Robert Peter Ackroyd – Case Study

Peter Ackroyd

Peter Ackroyd, Global Strategic Advisor for the Woolmark Company

I decided to apply for the Scholarship in 1971 with a view to spending a few months in the Lille area of Northern France in early 1972. I had an O level in French and had spent every summer since 1958 on the Côte d’Azur near Monaco. I was ‘reticent’ in French and badly in need of a séjour that would require that extra effort immigrants need to survive in a foreign language. Few spoke English in Northern France, so it was in at the deep end and totally immersed as teachers say from day one, I set foot on French soil one dull January morning in 1972.
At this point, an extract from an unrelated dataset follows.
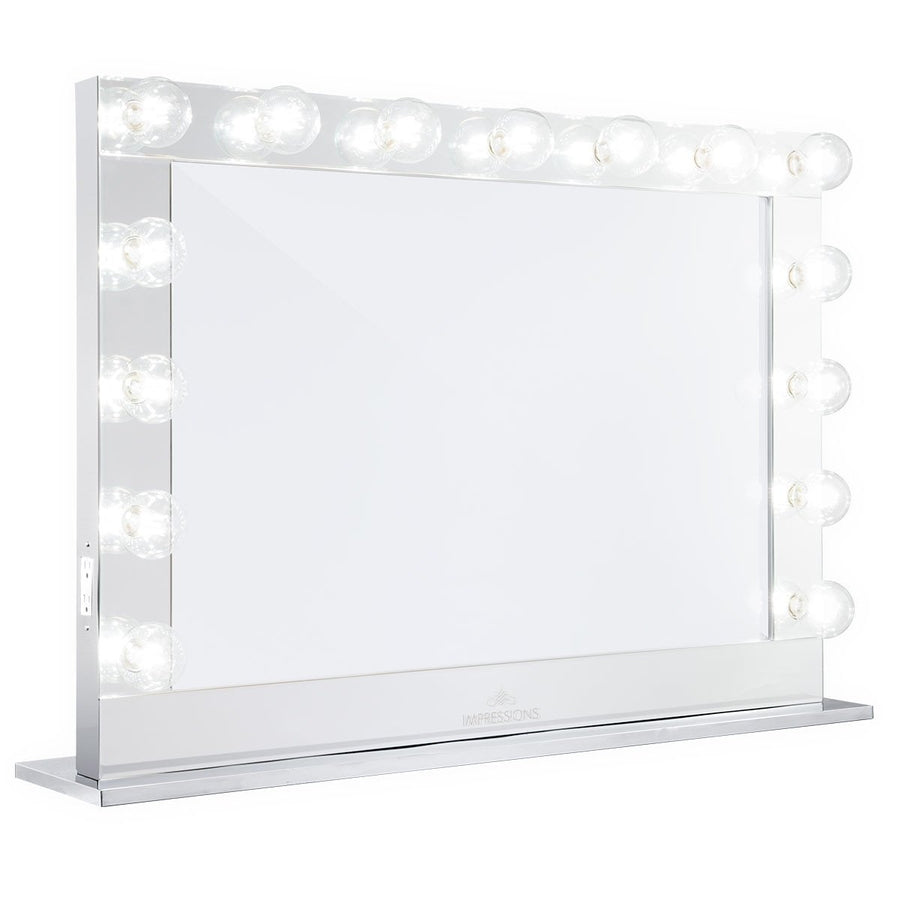 Impressions Vanity Hollywood Reflection PRO Mirrored Vanity Mirror with dimmable clear Edison LED G25 globe bulbs.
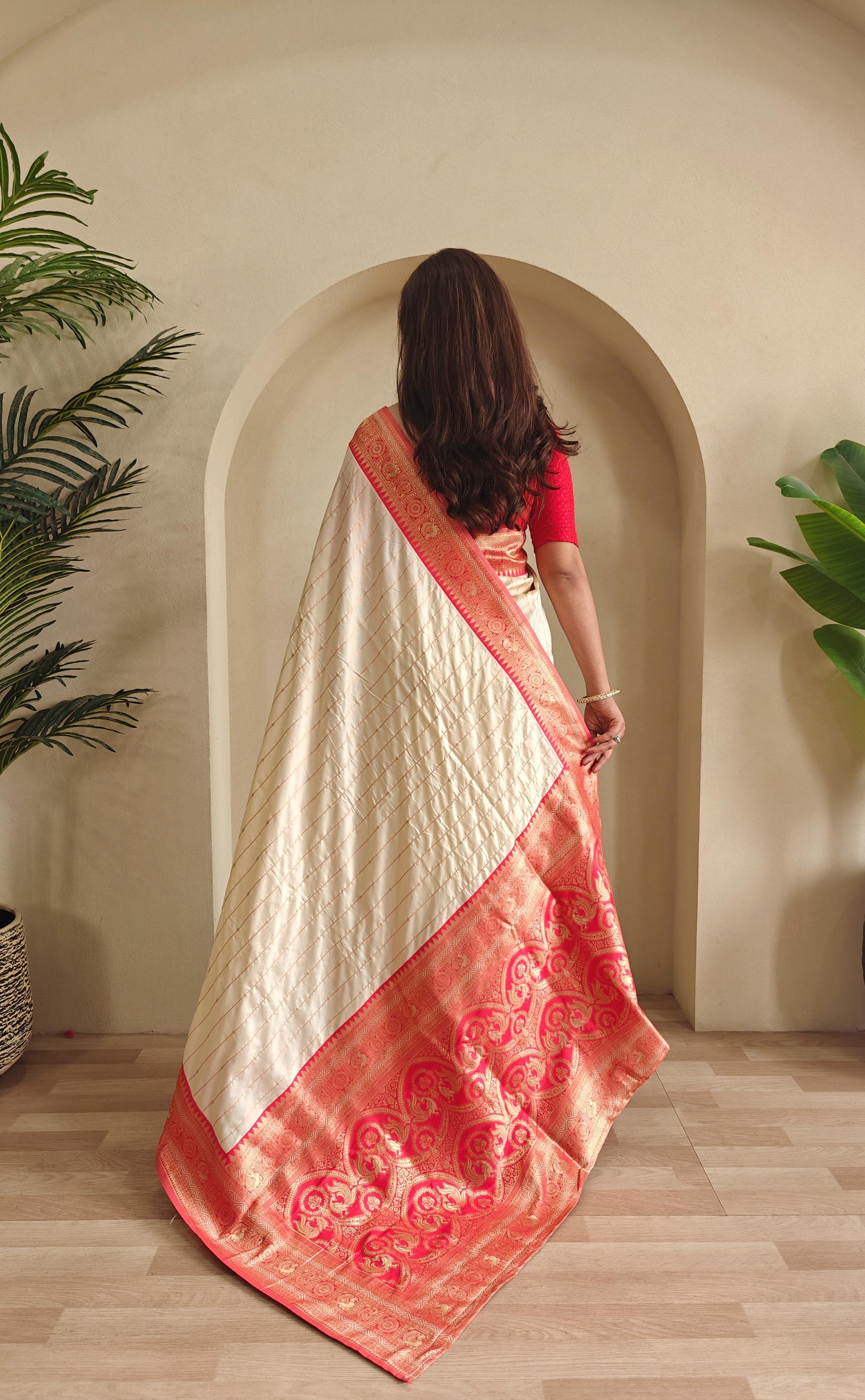 Casual Wear Off White Color Paithani Silk Saree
My French master at Woodhouse Grove advised me to ‘parallel’ my every day learning experience with some academic French study. It is strange how you more readily accept advice from teachers after you have left school and I will be eternally for the late John Bryant’s gems of wisdom. He suggested learning a skill in French without any reference to English and to read Maigret books by the Belgian author Georges Simenon. Several of these well-written detective novels are set in Flanders or Le Plat Pays immortalised by the songwriter Jaques Brel, another gifted Belgian.

I managed, via the textile grapevine in Bradford and Lille to find work experience at Delabart Mallet, a former cotton spinning mill in Loos, owned by the British textile conglomerate Courtaulds that had been converted to acrylic yarn manufacturing.  It was there I learned textile processing in French from scratch. Studying a subject independent of your mother tongue was some of the soundest advice I received in the early 1970s.

Through family connections, I found a room in an immense Flemish style patrician mansion in St André, just outside Lille belonging to Charles Delobeau. Charles was from a leading textile family in Valanciennes and had married Francoise, the daughter of Auguste Scalbert, Lille’s leading banker. Dinner at 159 ave Général Leclerc was always en famille in a beautiful empire style dining room in a house full of treasures from a bygone age. Conversation rather than television was the order of evening and it was here I learned first hand, as it were, of the suffering in Flanders in two World Wars and in the Franco Prussian War of the 1870s. Charles once drove me across the border to Ypres, just 15 km away in Belgium where hundreds of thousands of troops had perished in trench warfare. When I saw the Bradford Pals had fought and died there I began to understand the importance of this region for the UK. In a remarkable act of reconciliation in 1950, Robert Schuman, the French Foreign Minster and Konrad Adenauer, the West German Chancellor decided this sort of mindless nonsense should never be allowed to happen again and created the European Coal and Steel Community, the forerunner to the EU.

So it was the John Speak scholarship that helped convince me of the need for European unity at a time when the UK was agonising over membership of the Common Market in the run-up to the fair referendum of 1974. Sound familiar?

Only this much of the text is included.